Last night, Friday night, a night that is often a night of celebration - where there's no work for a couple of days, no homework, a break - my eleven-year-old asked me if he could go to the mall with his friends (in particular, a girl who's in eighth grade in comparison to his sixth). I slammed shut the door on that possibility without any hesitation.
"No, you're too young."
Woweeeeee...whining and upset followed. I explained he can go to the mall when accompanied by parents, parents we know. Us. But unfortunately, being that I was feeling (and still am) under the weather with a cold-gone-wild and his father had long settled into the couch for a relaxing tour of the television's line-up, we had no intention of hanging out at any mall.
More whining ensued, yelling that we never let him go anywhere, impassioned claims that we "don't trust" him! To which I couldn't help but laugh because everyone knows it's not that we don't "trust" the eleven-year-old but that we don't trust all the child killers who stalk the malls on Friday nights and are just waiting at every Hot Topic store and dank bathroom hallways for yummy, vulnerable eleven-year-old prey.

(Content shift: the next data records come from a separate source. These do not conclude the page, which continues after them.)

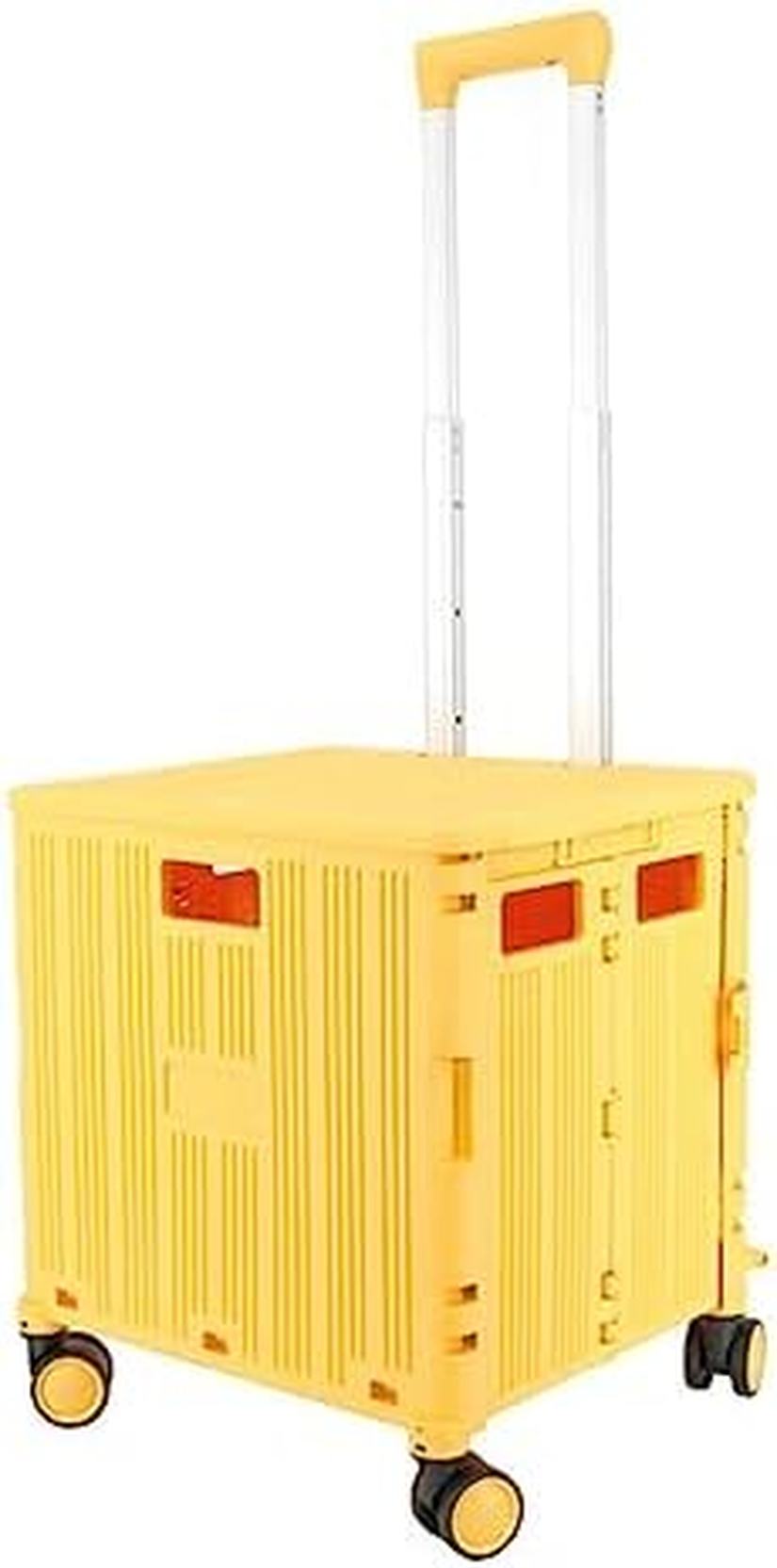 キャリーカート 60L ショッピングカート ショッピングキャリー 折りたたみ 買い物カート 4輪 360°回転 大容量 軽量 静音 コンパクト おしゃれ 簡単組立 買い物 アウトドア イエロー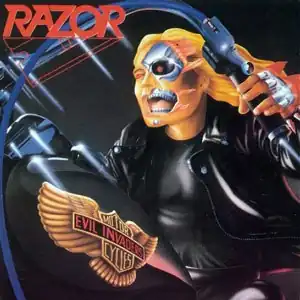Обложка альбома Razor «Evil Invaders» (1985)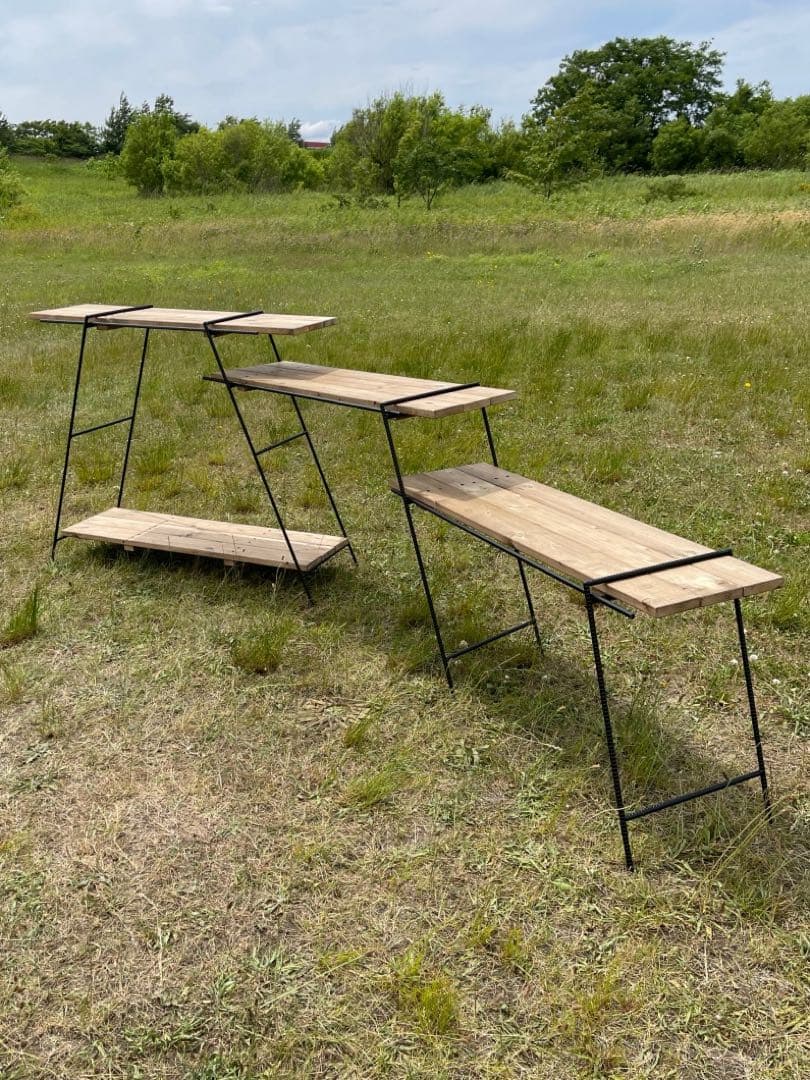 吊り下げキッチンシェルフ アンティークウッド　アイアンラック/アイアンレッグ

So the six o'clock hour stretched into seven with J on the phone, then eight rolled around, and near eight-thirty he stumbled into our room and said in the sleepiest voice, "I'm going to bed, mama."
When he collapsed into sleep, along with his brother and sister in their respective beds, I glanced at the clock and saw it was a minute or so to nine.
So much for that party-party night. He's still so little, so young.
"There's plenty of time for all of that, my little chickadee."
1 comment:
I wonder if this is an "older-child" sentiment - they want to grow up so fast. My two younger ones seem perfectly happy to be babied. It's a scary world out there.